I found an interesting survey for English dialects that got me thinking about different character voices: Games With Words: Which English?

It's apparently an algorithm they're designing to map out the differences in English grammar around the world. It seemed pretty accurate. Even its second guess at my native language was pretty good (Dutch. My mother was raised by a Dutchman).

I am curious to see how accurate it is with everyone else. 

Edit: Is this is the wrong section?


----------



## Butterfly (Aug 26, 2014)

Well, I got English as a first language, which was correct. It guessed at New Zealand, then Australia for dialect and was way out. Wrong side of the world for me as I actually live in the UK and have unfortunately never been to those places. It's third guess was South Africa, never been there either.


----------



## CupofJoe (Aug 27, 2014)

I love this... No idea how accurate it is but it did at least guess I'm UK based.
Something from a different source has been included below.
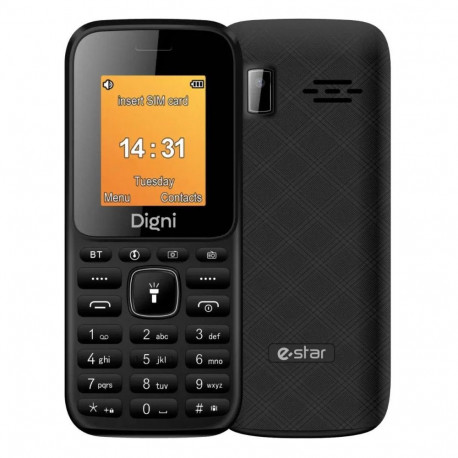 Mobiiltelefon eSTAR Digni Mini, Dual-SIM, must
> Our top three guesses for your native (first) language:?
> 1. English
> 2. Dutch
> 3. Swedish
> ...


----------



## Gryphos (Aug 27, 2014)

It got my dialect right.

1) English
2) New Zealandish
3) South African

But for some reason it thought my native language was Finnish...

1) Finnish
2) English
3) German


----------



## Noma Galway (Aug 27, 2014)

> Our top three guesses for your English dialect:
> 1. American (Standard)
> 2. Canadian
> 3. Australian
> ...


It got my dialect right, and I love what it's second and third guesses are for my first language (I studied Scandinavian languages as a kid .


----------



## DaFlaminUnicorn (Aug 31, 2014)

Got my language right, English. And it got my dialect right but it guessed Singaporean and Black vernacular as well.


----------



## Mythopoet (Aug 31, 2014)

> Our top three guesses for your English dialect:?
> 1. American (Standard)
> 2. Canadian
> 3. US Black Vernacular / Ebonics
> ...



First guesses were right.


----------



## Chilari (Aug 31, 2014)

It got it spot on for me. English, with England, Wales and Scotland as dialect guesses. I live in England, not far from Wales, and have Scottish relations.


----------